> [WORK TASK]: What you return should be the lines from the one with "Vue intérieure avant" through the one with "A woman drinking soda in a car" in the data below, reproduced exactly with both ends, and no pictures at all.

------------------------------

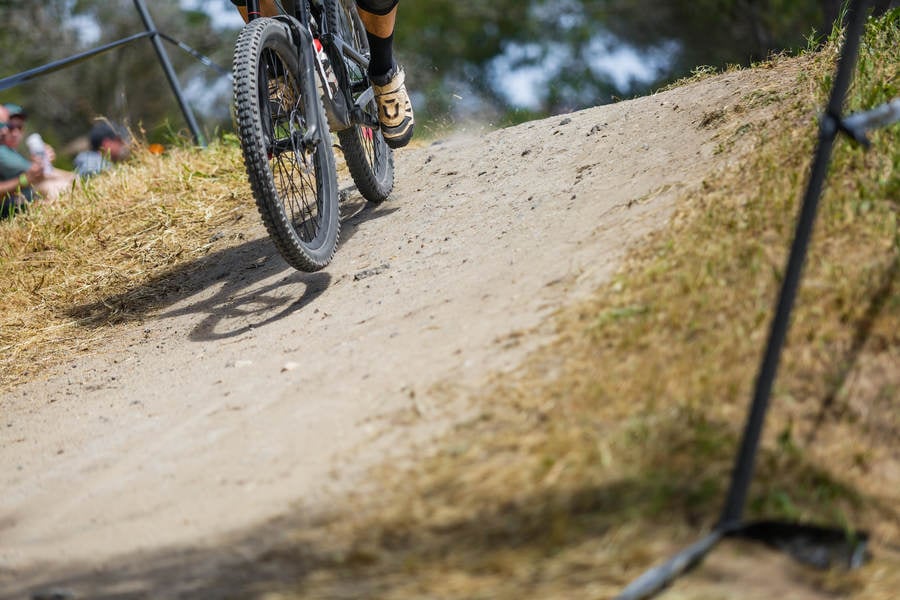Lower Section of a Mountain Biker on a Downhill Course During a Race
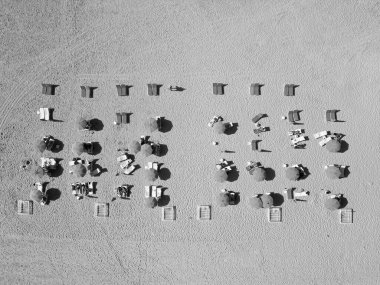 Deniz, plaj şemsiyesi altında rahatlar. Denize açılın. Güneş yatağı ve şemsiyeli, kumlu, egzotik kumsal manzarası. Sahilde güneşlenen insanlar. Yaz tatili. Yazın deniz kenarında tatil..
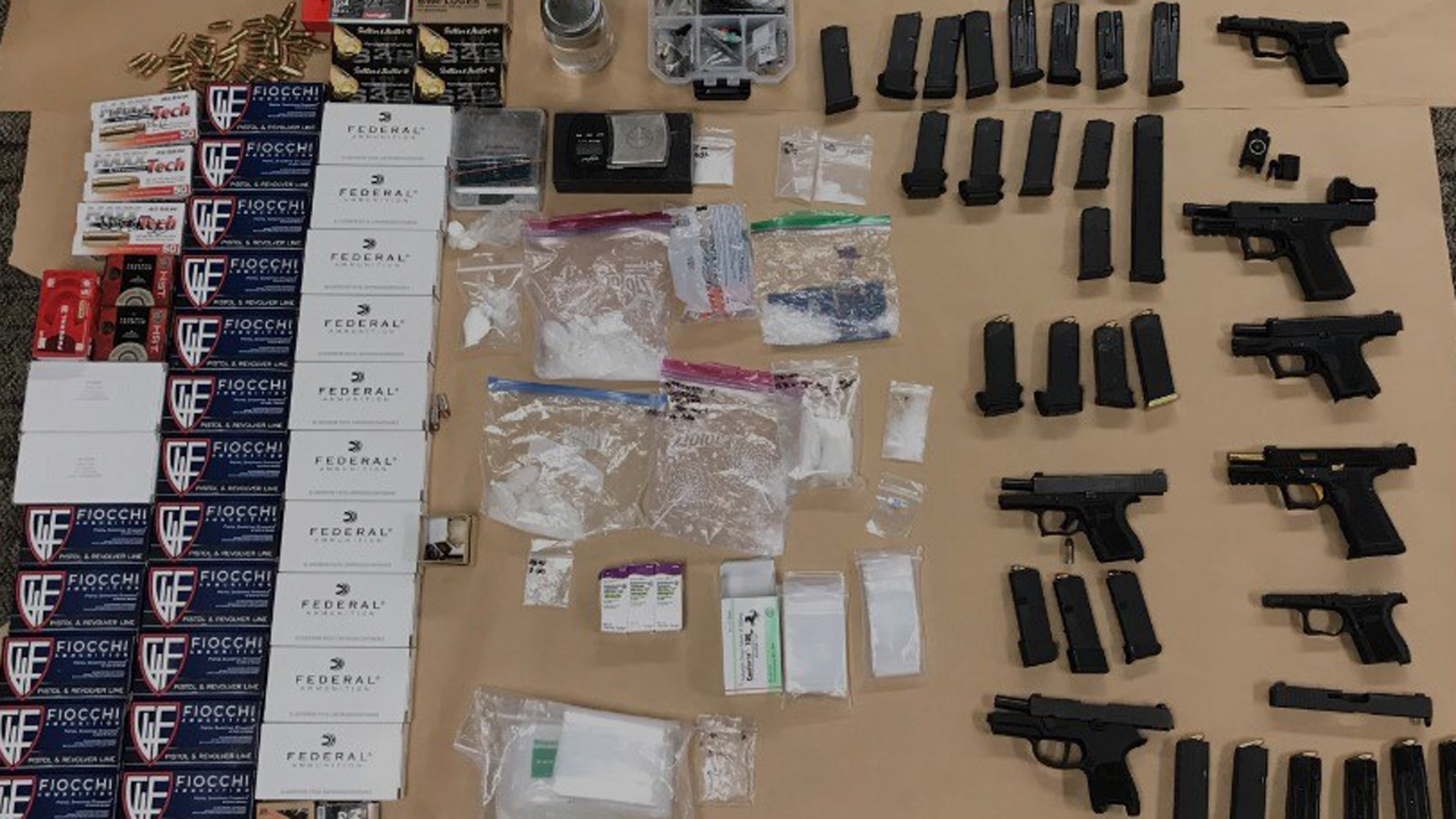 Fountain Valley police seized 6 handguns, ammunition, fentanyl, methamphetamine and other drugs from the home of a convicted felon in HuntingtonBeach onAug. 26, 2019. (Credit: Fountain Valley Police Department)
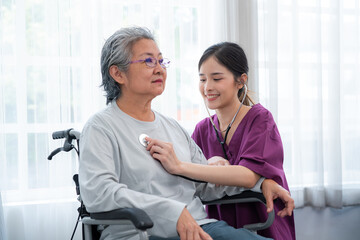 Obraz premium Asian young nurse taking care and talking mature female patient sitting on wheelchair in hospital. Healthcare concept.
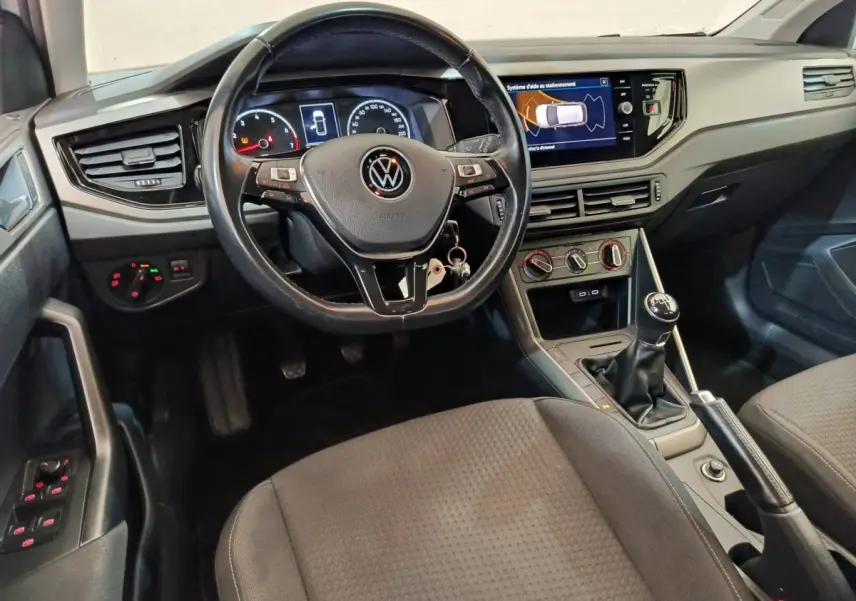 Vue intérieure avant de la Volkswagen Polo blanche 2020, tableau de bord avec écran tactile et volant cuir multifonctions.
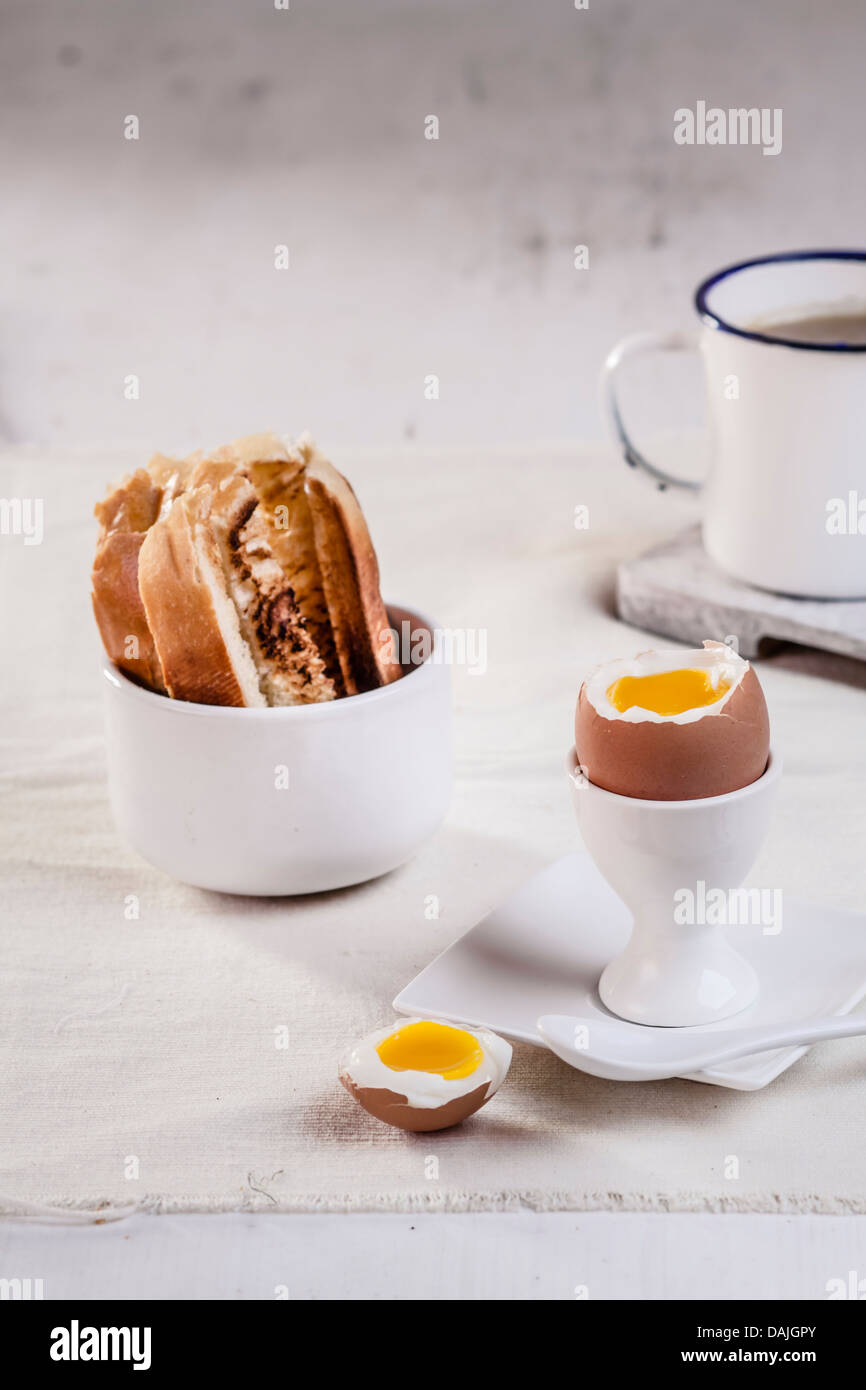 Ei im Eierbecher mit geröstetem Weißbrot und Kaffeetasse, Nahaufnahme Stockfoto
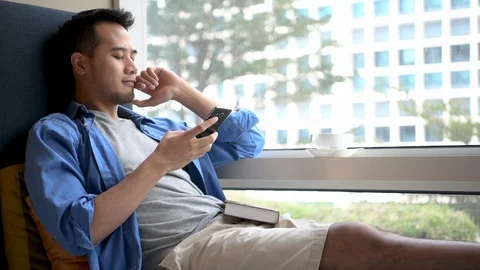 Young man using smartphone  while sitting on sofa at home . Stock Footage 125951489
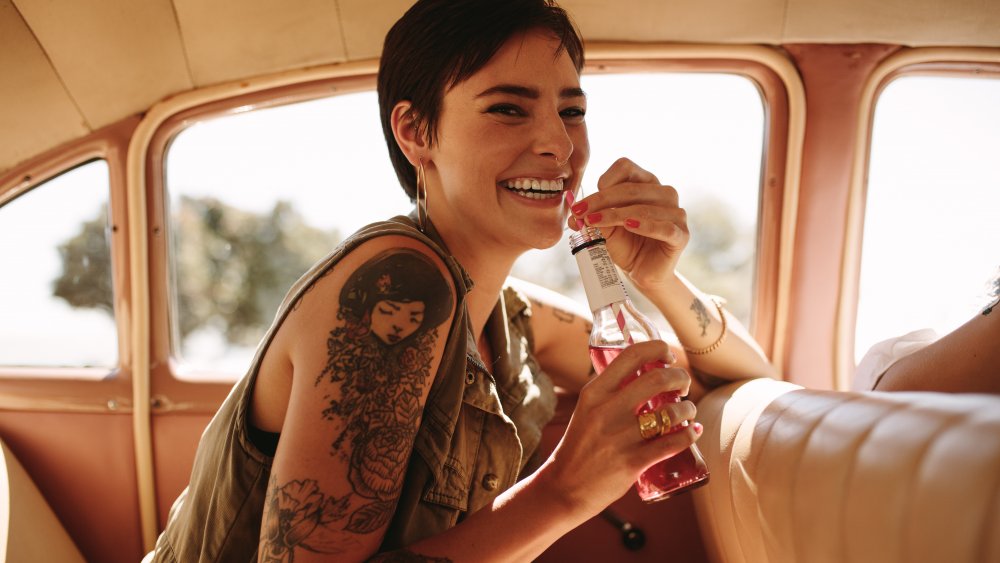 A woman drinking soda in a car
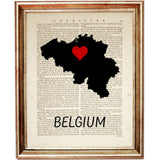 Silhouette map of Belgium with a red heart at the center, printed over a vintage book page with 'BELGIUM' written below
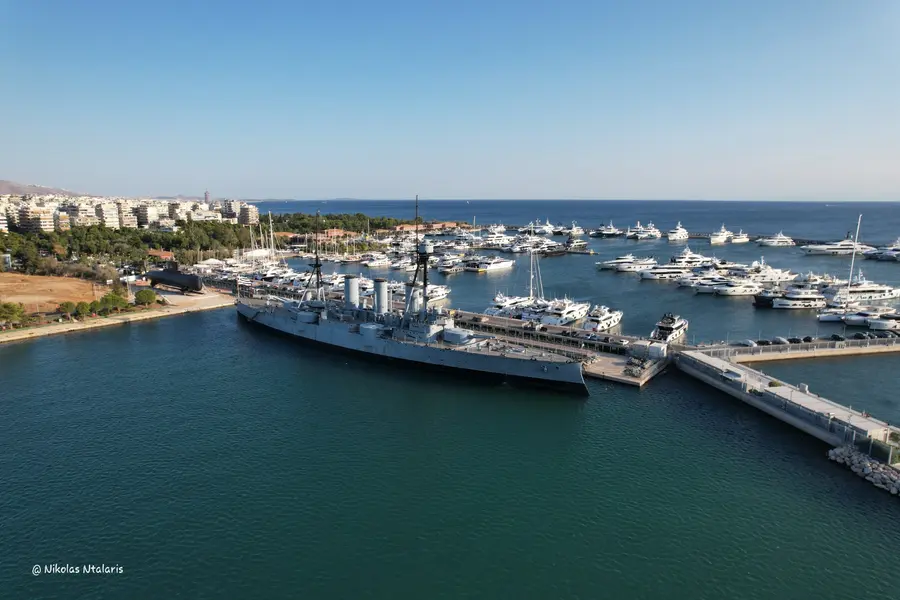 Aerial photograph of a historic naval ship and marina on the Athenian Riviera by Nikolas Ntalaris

------------------------------

> [COMPLETED EXERCISE]:
 Vue intérieure avant de la Volkswagen Polo blanche 2020, tableau de bord avec écran tactile et volant cuir multifonctions.
 Ei im Eierbecher mit geröstetem Weißbrot und Kaffeetasse, Nahaufnahme Stockfoto
 Young man using smartphone  while sitting on sofa at home . Stock Footage 125951489
 A woman drinking soda in a car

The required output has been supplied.